As Joey, the homeless veteran observed, the public appears to wish that homeless people did not exist. Current public policy, to the extent that any can be discerned, seems to consist of malign neglect, punctuated by police sweeps when the encampments become too annoying. But ignoring the problem has not made it go away. We face a moral choice between implementing an effective, albeit imperfect, approach that has considerable upfront costs but also proven results and long-term savings or just kicking the can on down the road, leaving the enormous, accruing costs and missed opportunities to burden future generations.

References

1. Berndt J: Missing Persons: The Homeless. Wollaston, MA: Many Voices Press, 1986.

2. US Department of Housing and Urban Development: Fact Sheet: 2023 Annual Homelessness Assessment Report. 12/01/2023.

3. Berndt J: op. cit.

4. Roncarati JS et al.: Mortality Among Unsheltered Homeless Adults in Boston, Massachusetts, 2000-2009. JAMA Intern Med. 2018; 178(9): 1242–1248.

5. Boston Globe: 2/1/1984.

6. Judith L. Herman and Frank W. Putnam. Our Broken Mental Health Care System. Psychology Today. November 6, 2023.
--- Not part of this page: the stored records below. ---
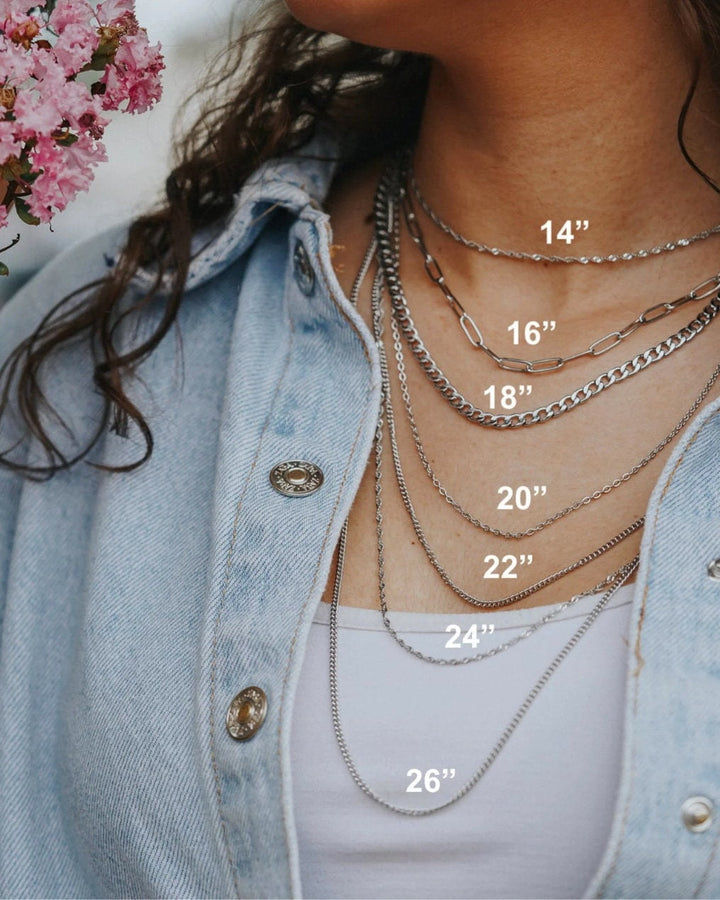 Baby Curb Chain Necklace model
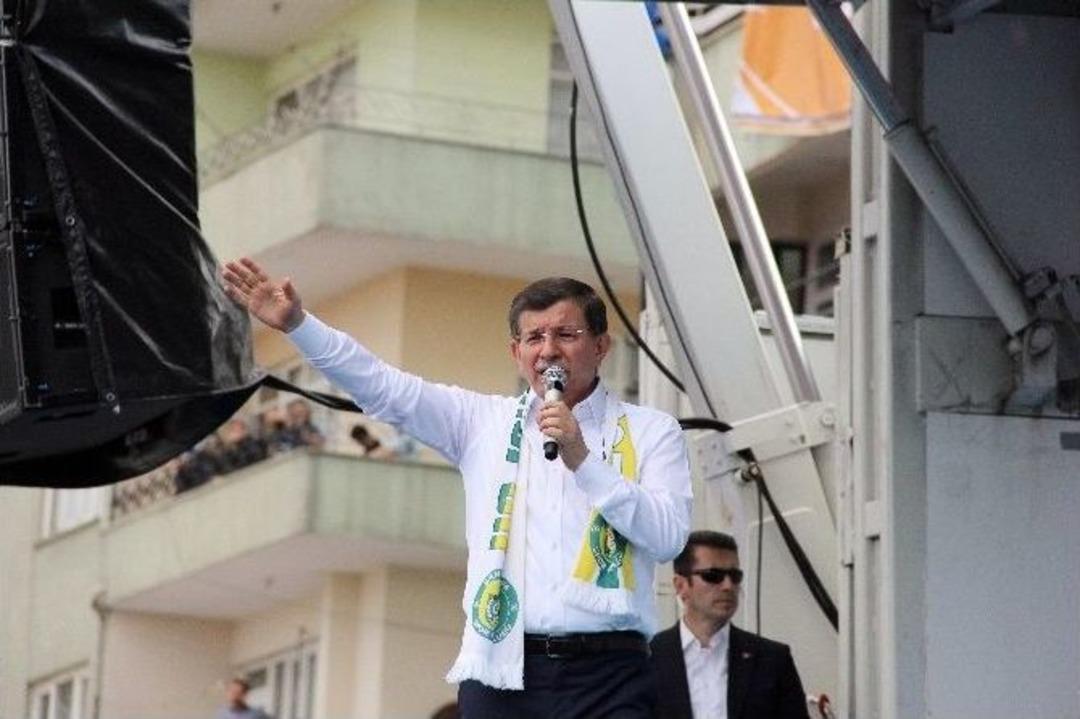 Başbakan Davutoğlu, Şanlıurfa&rsquo;da Halka Seslendi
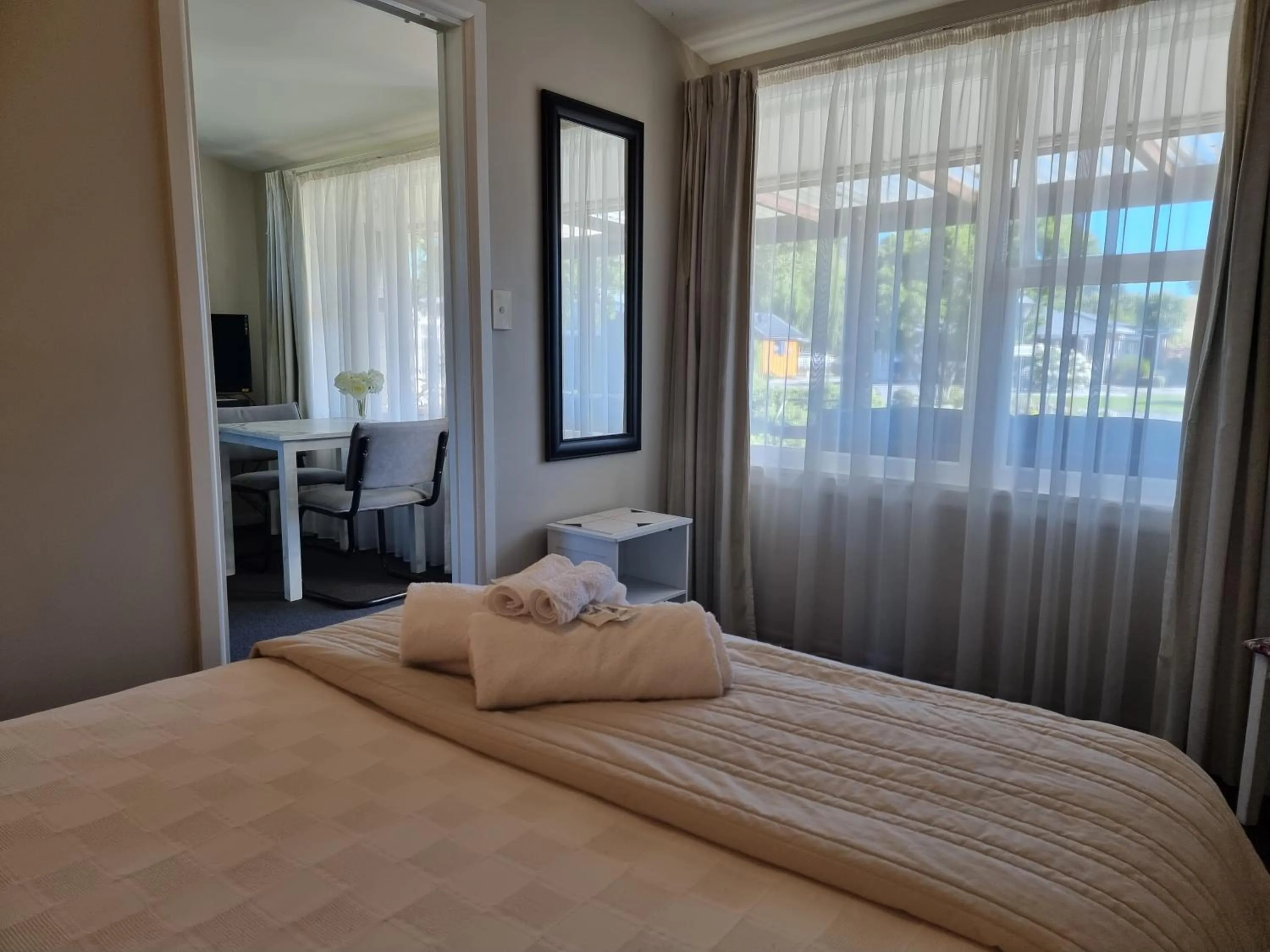 Bedroom, Bed in Cheviot Motels, Cabins and Camp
7. National Academies of Science, Engineering, and Medicine: Permanent Supportive Housing: Evaluating the Evidence for Improving Health Outcomes Among People Experiencing Chronic Homelessness. Washington, DC: National Academies Press, 2018.

8. O’Toole TP et al: Changes in Homelessness Among US Veterans After Implementation of the Ending Veteran Homelessness Initiative. JAMA Network Open; 7(1): e2353778, January 2024.

9. Gibson L: The Homelessness Public Health Crisis. Harvard Magazine 2024; 126 (5): 25–31.